• [TASK ITEM]: From the line that contains "Amber Girls Hostel (Old Muslim Town)" to the last line of the data below, transcribe every line exactly. Do not include the pictures.

INFORMATION GIVEN Start Marker

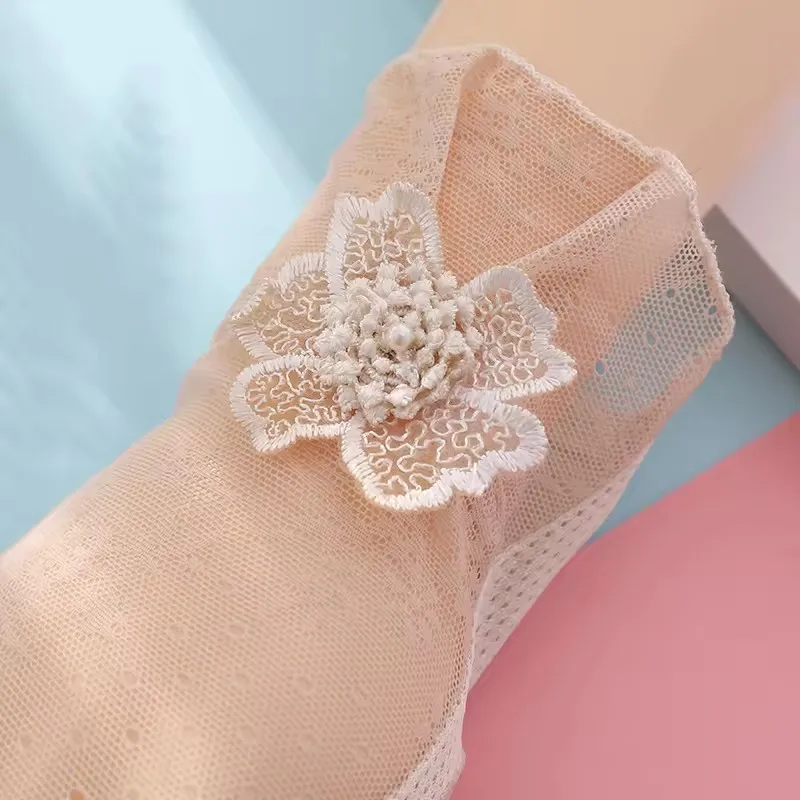 New design thin breathable elegant women sunscreen short lace summer driving Gloves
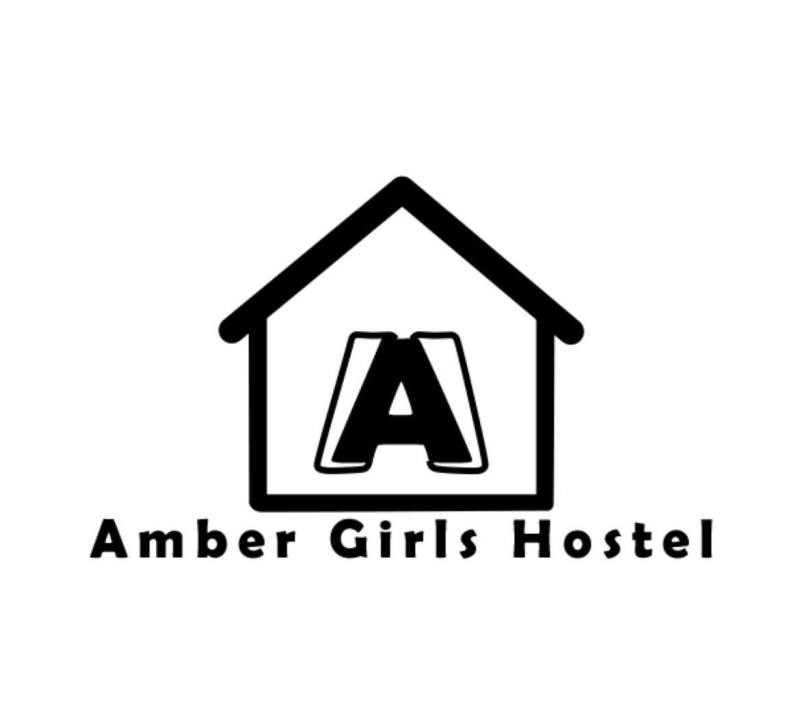 Amber Girls Hostel (Old Muslim Town)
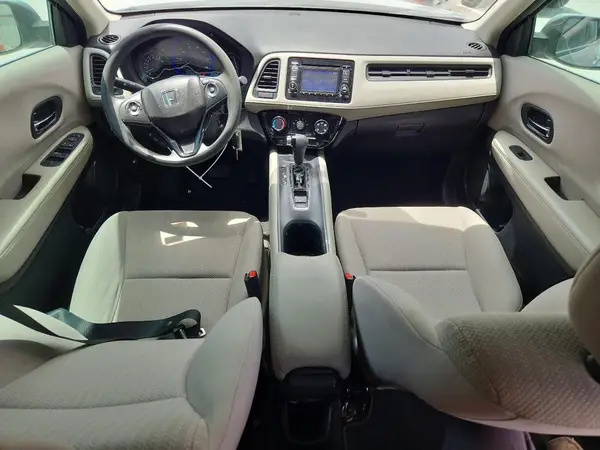 3CZRU5H30JM713643 2018 HONDA HR-V - Image 8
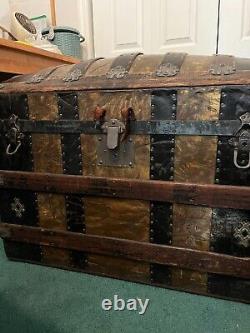 Antique Late 1800s C. W. Miller Steamer Trunk with Original Keys & Artwork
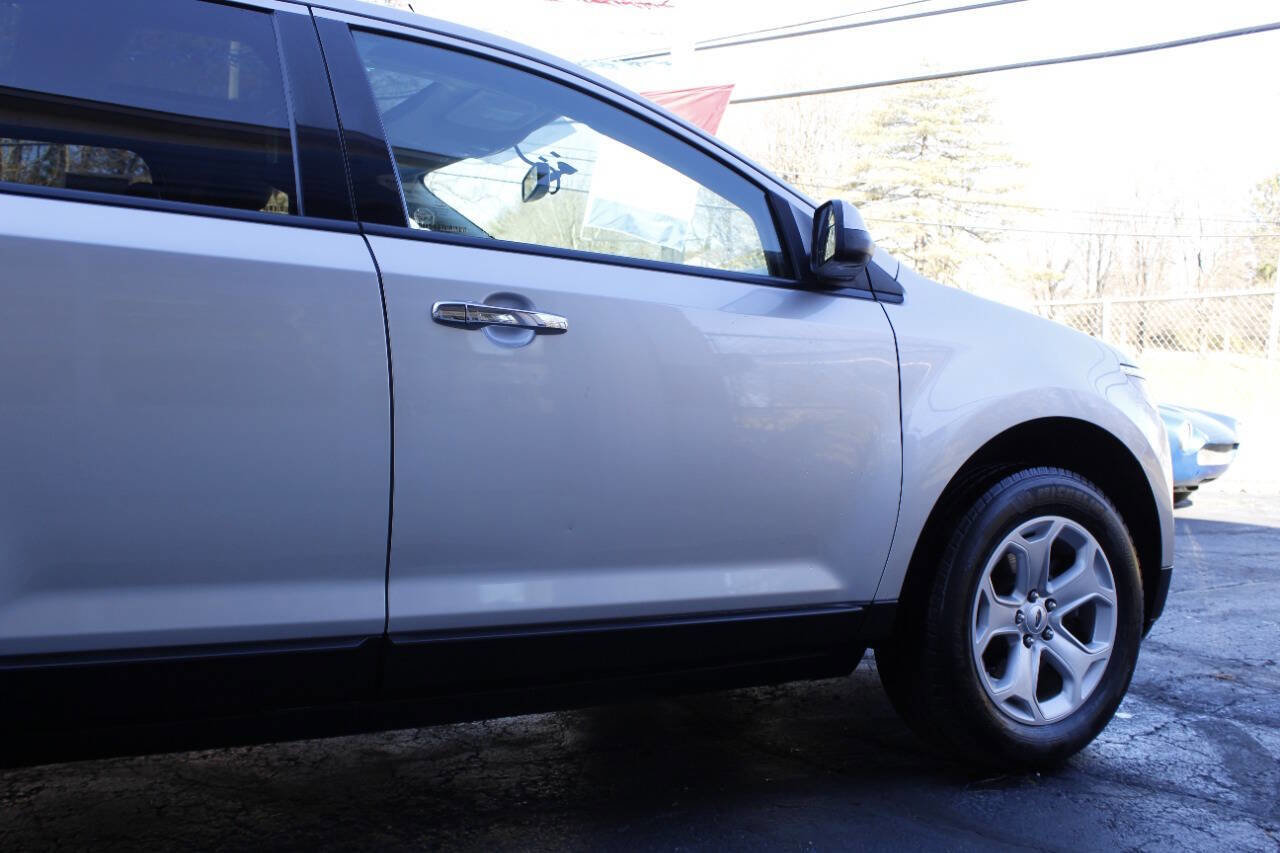 Used 2011 Ford Edge SEL w/ 202A Rapid Spec Order Code AWD/4WD image 15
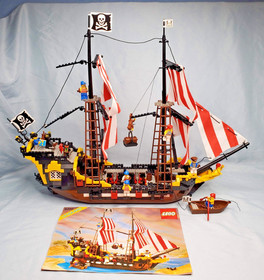 LEGO 6285 Black Seas Barracuda nearly 100% complete (just missing some coins)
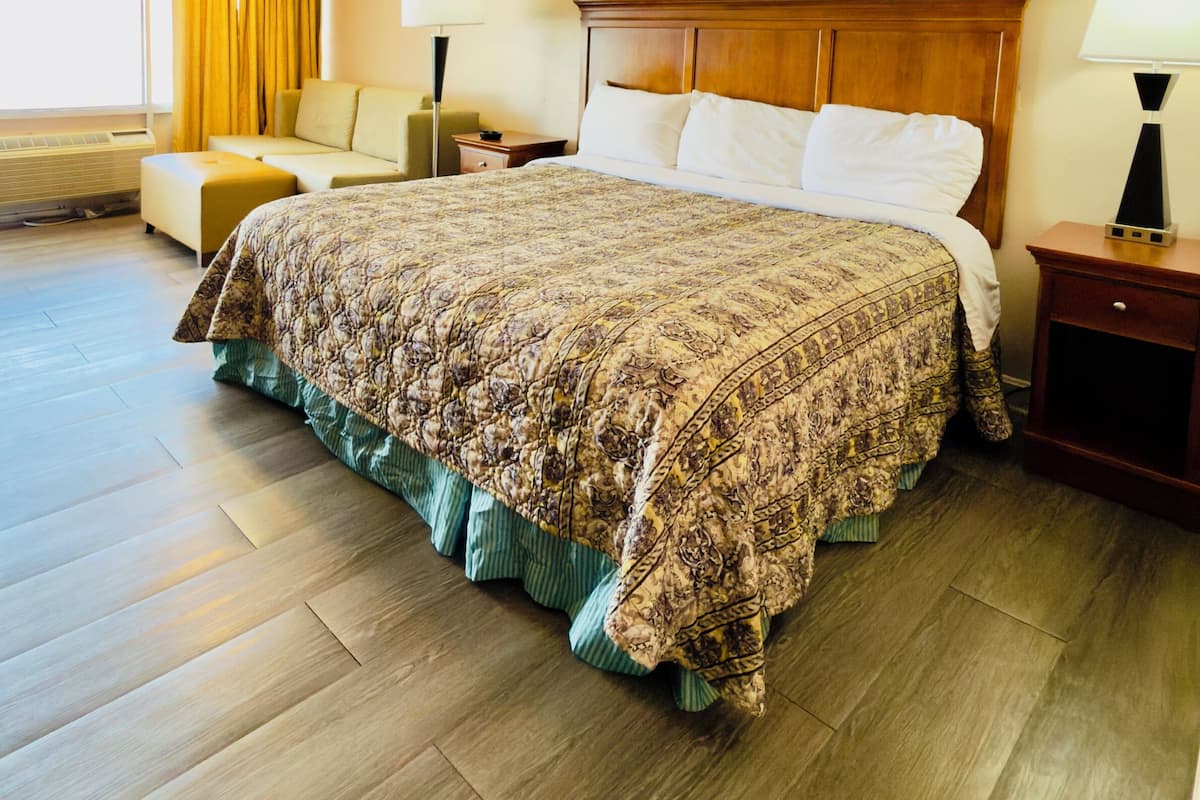 Free WiFi, bed sheets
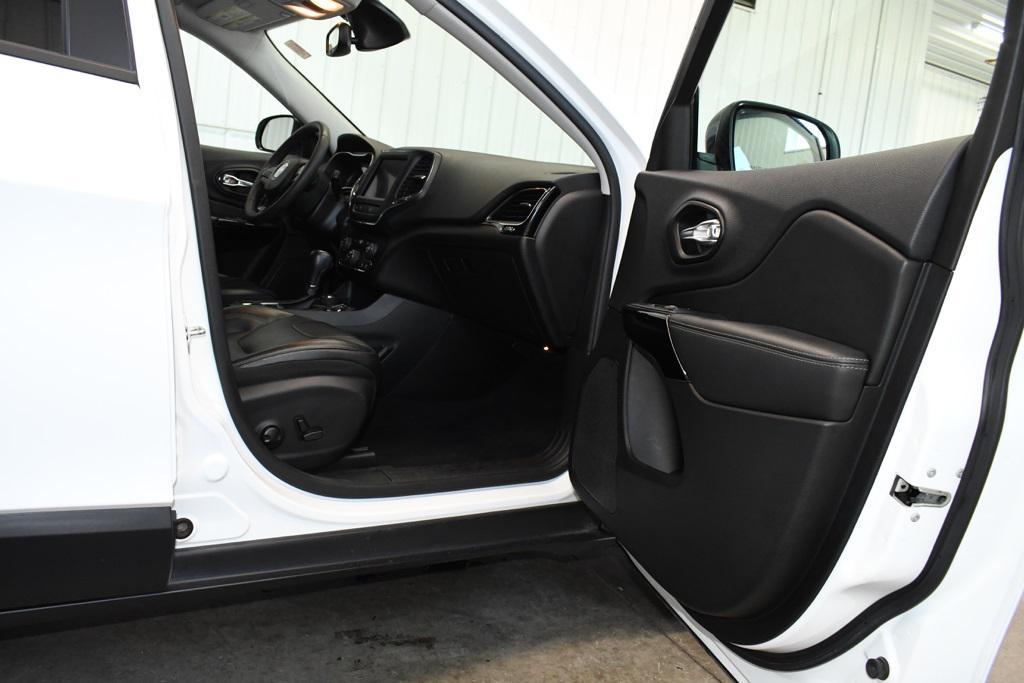 used 2023 Jeep Cherokee car, priced at $22,990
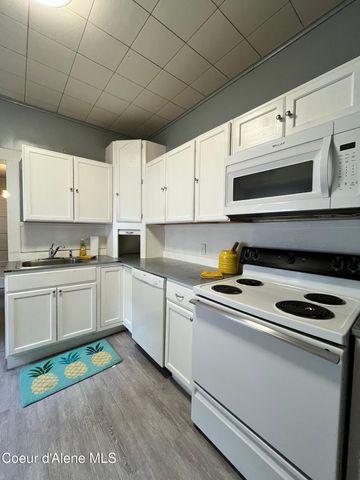 132 King ST, Wallace, ID 83873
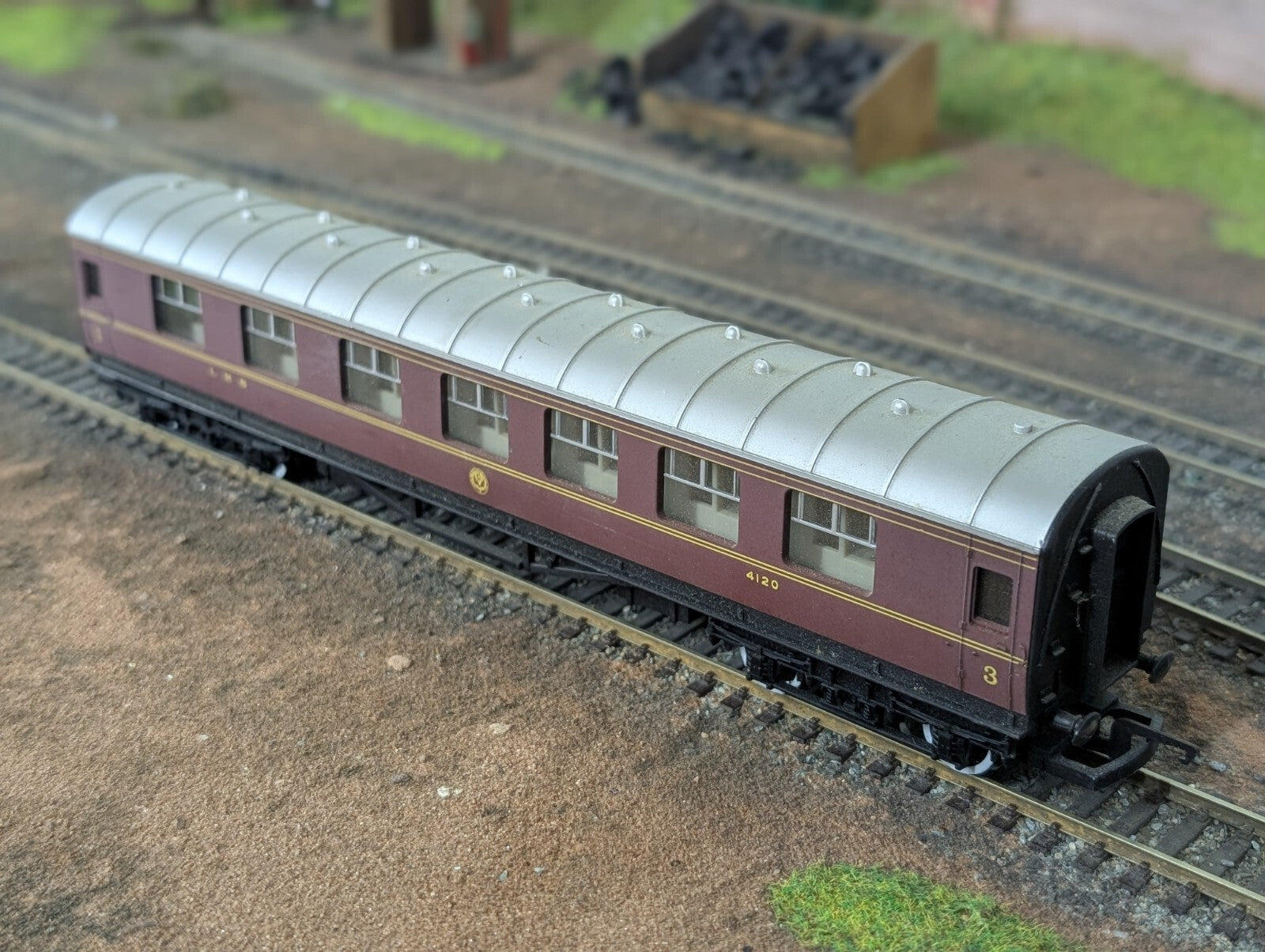Hornby R474 Hornby RN 4120 LMS Stannier Composite Coach OO Gauge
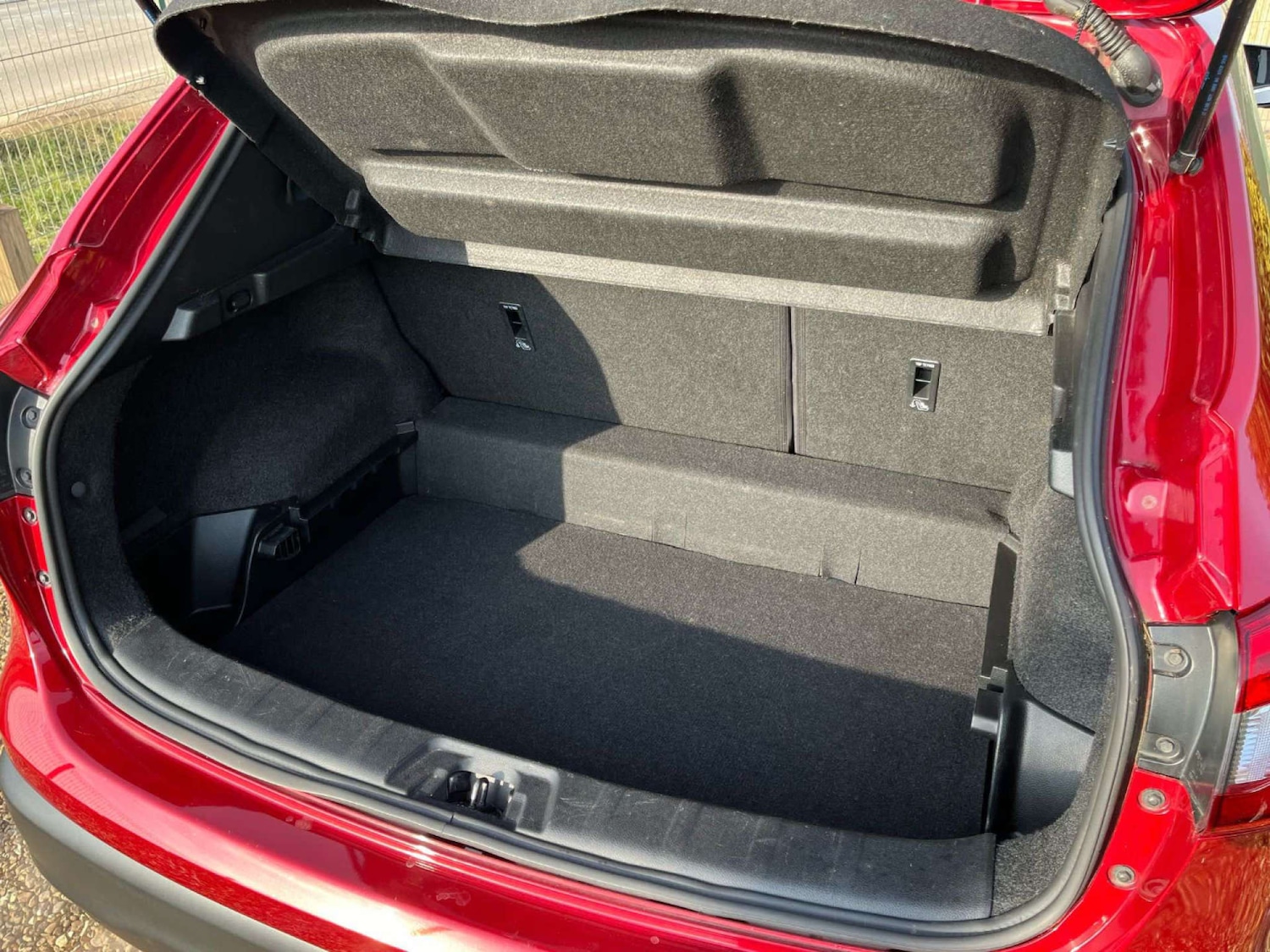 Used Nissan Qashqai 2016 for sale - 76921334: Photo 38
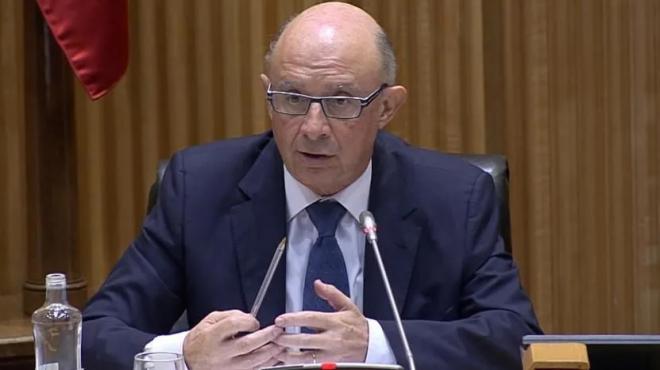 Imputado Montoro por favorecer a empresas gasísticas mediante cambios legales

INFORMATION GIVEN End Marker

• [OUTPUT OF THE TASK]:
 Amber Girls Hostel (Old Muslim Town)
 3CZRU5H30JM713643 2018 HONDA HR-V - Image 8
 Antique Late 1800s C. W. Miller Steamer Trunk with Original Keys & Artwork
 Used 2011 Ford Edge SEL w/ 202A Rapid Spec Order Code AWD/4WD image 15
 LEGO 6285 Black Seas Barracuda nearly 100% complete (just missing some coins)
 Free WiFi, bed sheets
 used 2023 Jeep Cherokee car, priced at $22,990
 132 King ST, Wallace, ID 83873
Hornby R474 Hornby RN 4120 LMS Stannier Composite Coach OO Gauge
 Used Nissan Qashqai 2016 for sale - 76921334: Photo 38
 Imputado Montoro por favorecer a empresas gasísticas mediante cambios legales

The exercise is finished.